2. “Learn about the protocols for birth at the place you plan to deliver.” Do they “room in”? Do they take the baby to the nursery? Do they require interventions like monitors, medications, etc.? “Don’t be afraid to ask questions and don’t be afraid to go against the “norm”. Your wife is an individual and so is your baby. Your story will look different from the couple next door and that’s awesome, not bad. When my wife asked me about circumcision, for instance, I knew I had learned that it wasn’t my first choice. Looking back, I wish I had brought her research and informed evidence because I should have known that that particular body part wasn’t her area of expertise. We both wish we hadn’t chosen that for our sons. I looked at it like this were her choice and that wasn’t being true to myself and my knowledge, and it it certainly didn’t help her.
3.“You are her “birth liaison. Speak for her.” Birth can be intense and losing focus doesn’t help your wife or the baby. We’ve had both kinds. Ones were I sat back because I didn’t know any better and ones where I was basically fielding all of the things while we watched my wife do her thing. The second kind is the way to go. “Know your birth plan. When someone has a question, they can ask you and you can communicate with your wife. You’ll let the asker know when you do. The goal is to be a wall that protects her ability to focus. A focused woman is a productive woman.” This goes back to knowing the hospital protocols. When the baby is born in a hospital setting, everything happens fast. The baby is born and its “cut the cord, wipe them off, bath, etc.”, If that’s not your birth plan, you don’t want to get caught up and say the wrong thing or allow something unnecessary just because it’s the way the hospital does it.

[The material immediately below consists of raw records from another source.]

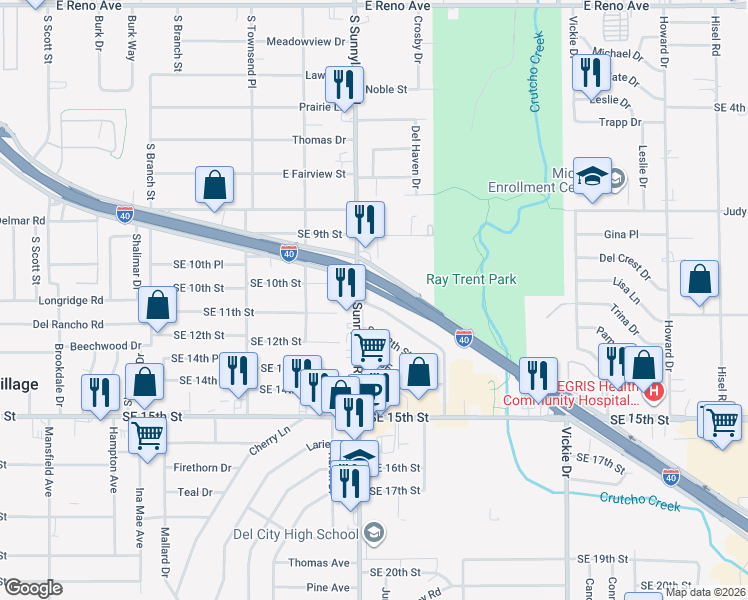 map of restaurants, bars, coffee shops, grocery stores, and more near 4301 Woodedge Drive in Del City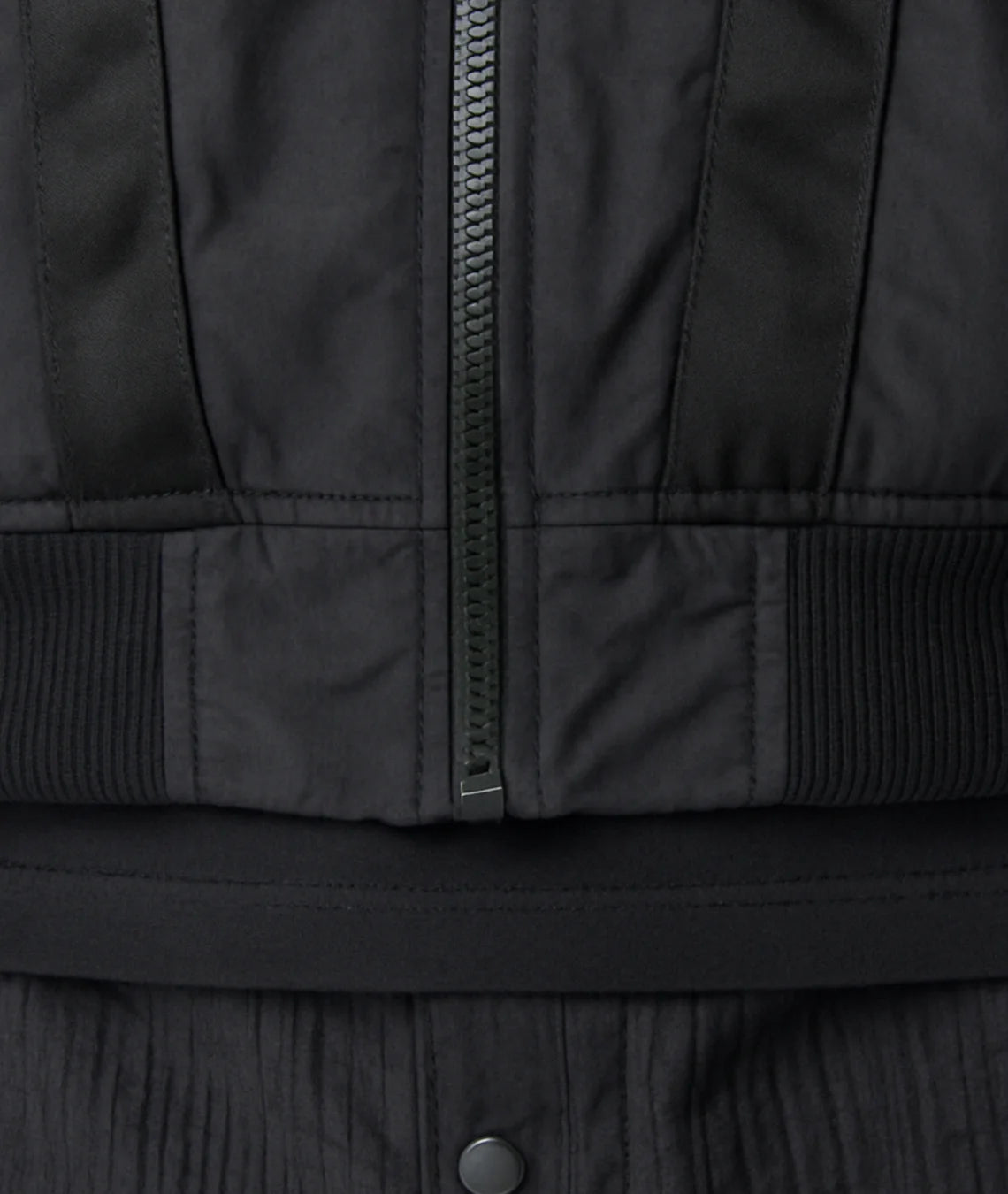 Close-up of a black jacket with a zipper and button detail.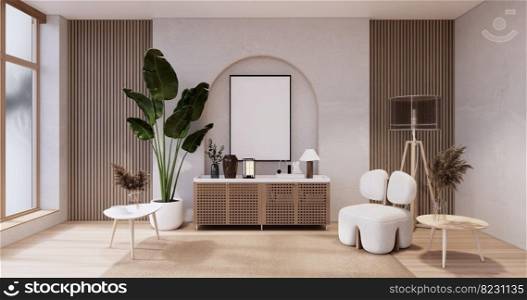 Living room, cabinet Tv and sofa armchair minimalist design muji style.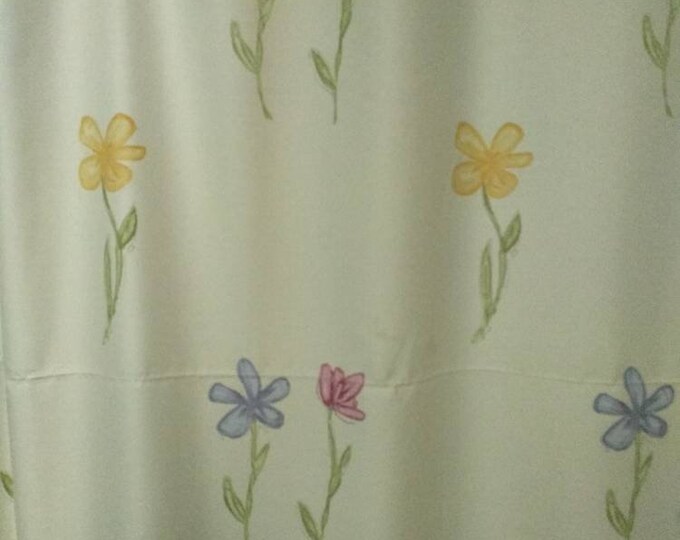 Cotton Sateen printed flowers design colorfull curtain fabric |Double Height 300 cm/118 inches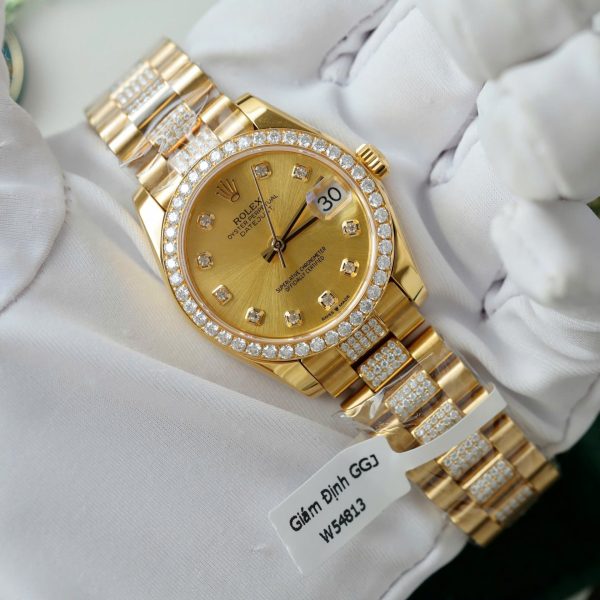 Đồng Hồ Rolex DateJust Nữ Mặt Vàng Chế Tác Bọc Vàng Đính Moissanite Xưởng GM 31mm (2)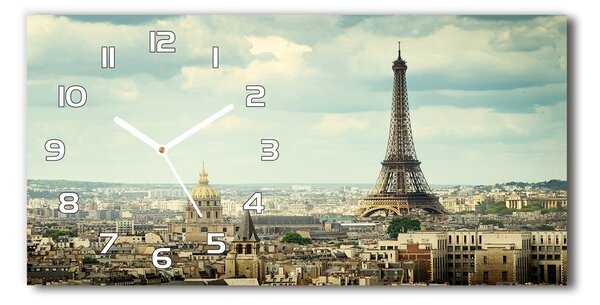 Ceas de perete orizontal din sticlă Turnul Eiffel din Paris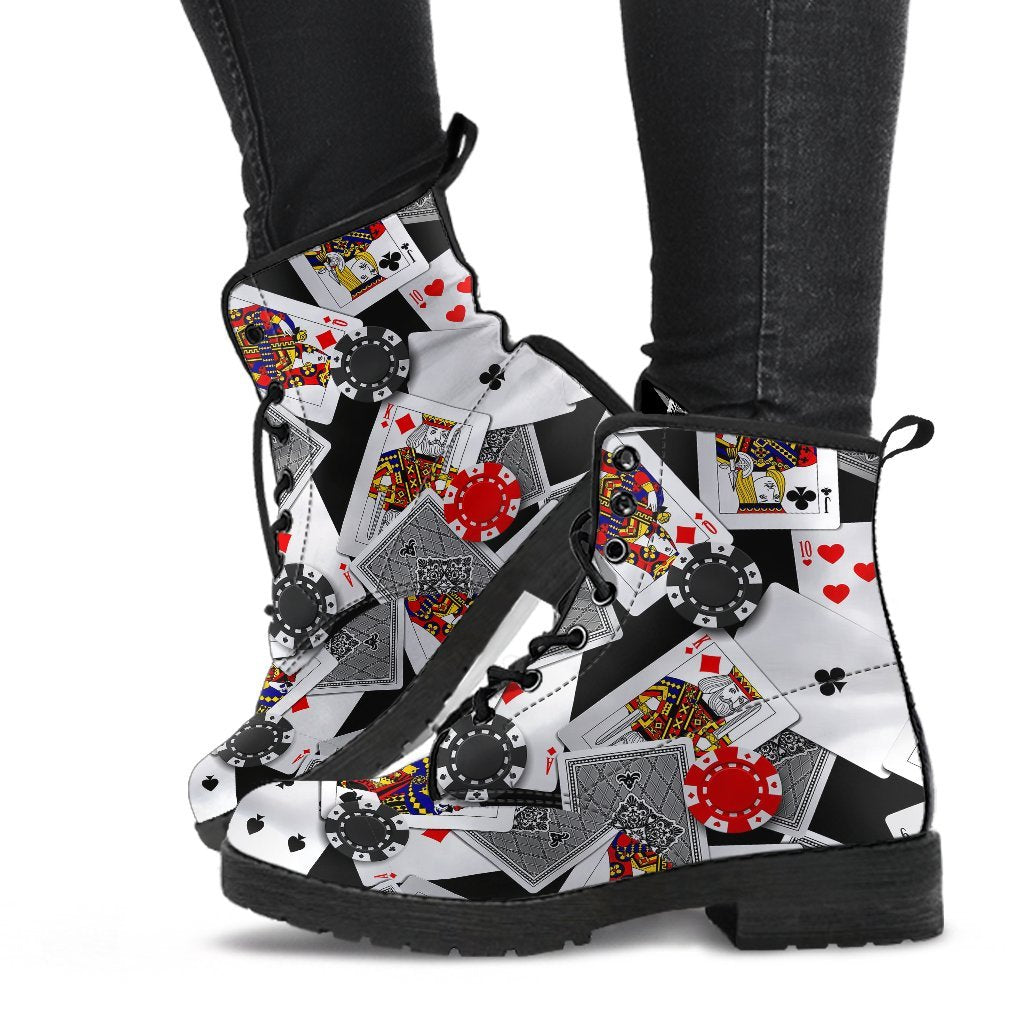 Casino Poker Print Pattern Men Women Leather Boots-grizzshop
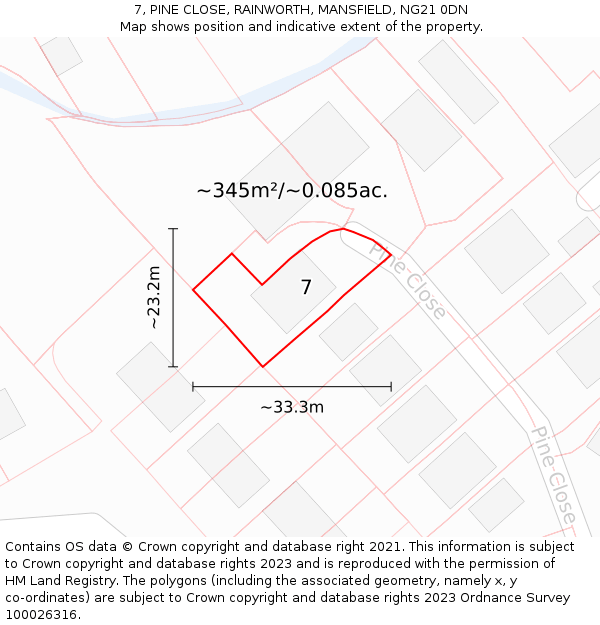 7, PINE CLOSE, RAINWORTH, MANSFIELD, NG21 0DN: Plot and title map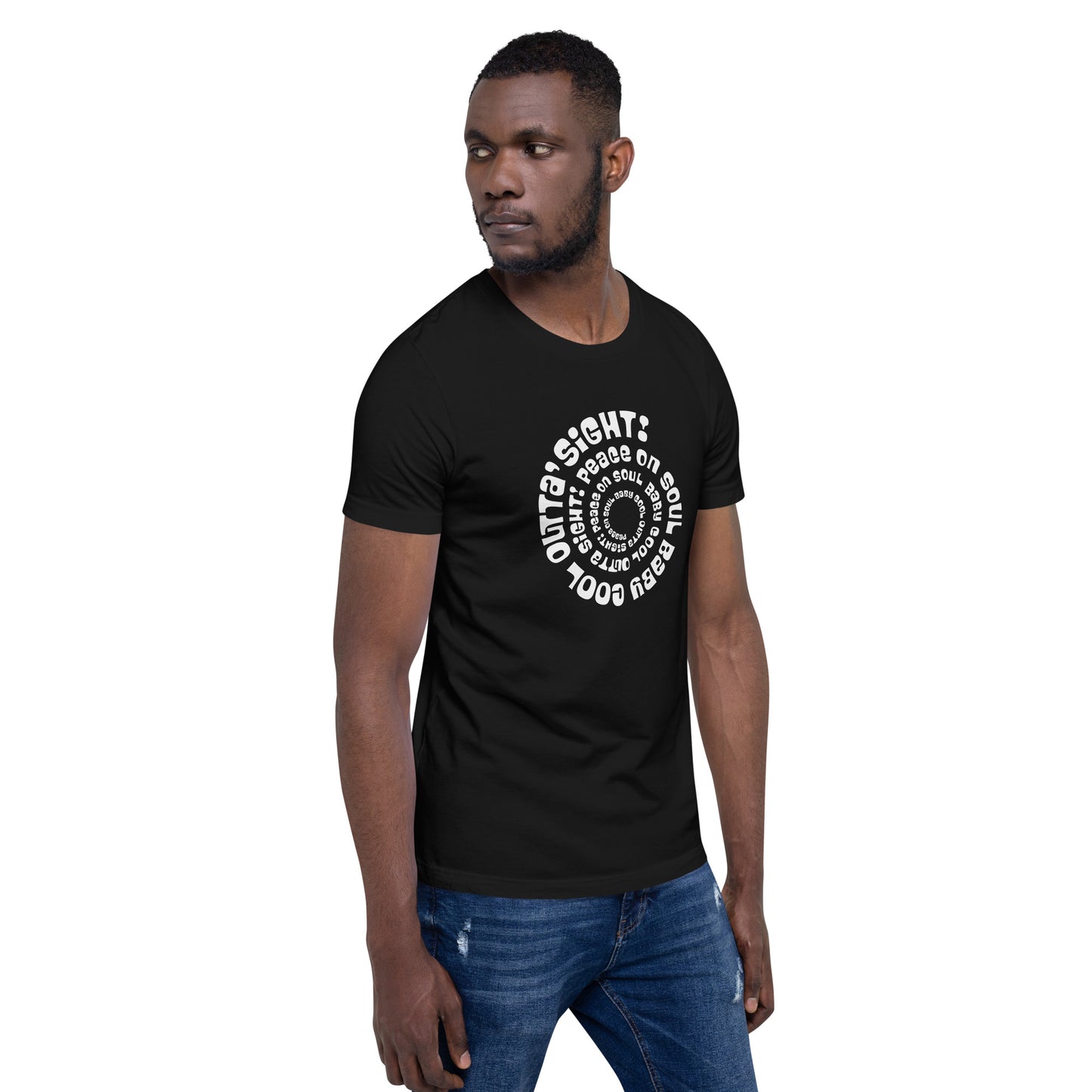 Peace On Soul Baby Cool Outta Sight Short Sleeve Unisex T-Shirt (white on dark)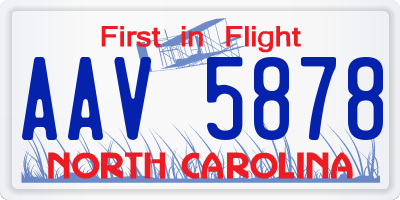 NC license plate AAV5878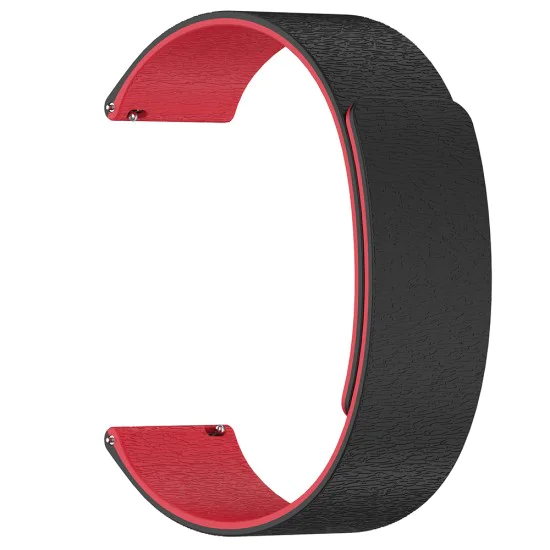 Каишка за Huawei Watch GT 4 (41 мм)/W1/Honor Watch S1/Garmin Venu 2S/Vivoactive 4S - Techsuit - Каишка за часовник 18 мм (W074) - Черен / Червен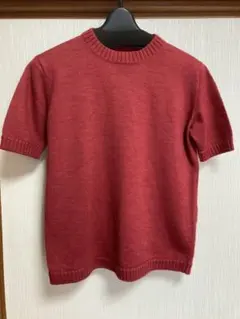 SCAPA 赤のニット半袖クルーネックセーター　サイズ38 ￼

4. “Step up.” Your wife is going to push a human out of her body. She’s going to be exhausted. Be prepared to forget what sleep is for a while. Know how to change a diaper and watch a clock. Your wife will want to baby to nurse, but if she’s got to sleep or eat or shower, you’re the man for the job. You can hold the baby and provide that comfort and you’re going to need it. This is your kid’s first time meeting you. Might as well make it a big occasion and spend some quality time holding.
5. “Don’t ask her to put the baby down because of something you want her to do.” Just like this is your time to step into your role, by design, the baby needs to be on your wife. They need her body to regulate their body temperature, breathing, and simply touching her skin fires off so much brain development. “When the baby cries, pick him/her up.” That’s teaching your child the very fundamental truth that you’ll be there for them.
6. “Become a great encourager.” Your job once your wife is pregnant and for the rest of your life is to encourage her. She’s designed to do it all, but she will need you there to constantly reinforce that because her drive to be the best mother is also the source of her greatest self doubt. If you tell her how amazed you are by her, and you’ll be blown away at what she’s made of and her strength, you’ll unleash a confidence in her that will get your whole family through. You’ve gotta walk in your role so you can help her walk in hers.
Somewhere over the generations, we’ve lost sight of passing down the good stuff. The information we need most. We wind up feeling like we don’t have everything we need to walk out who we already are. People have been having babies since the beginning of humanity. You can definitely “DIY” the dad life. It’s okay to surprise yourself.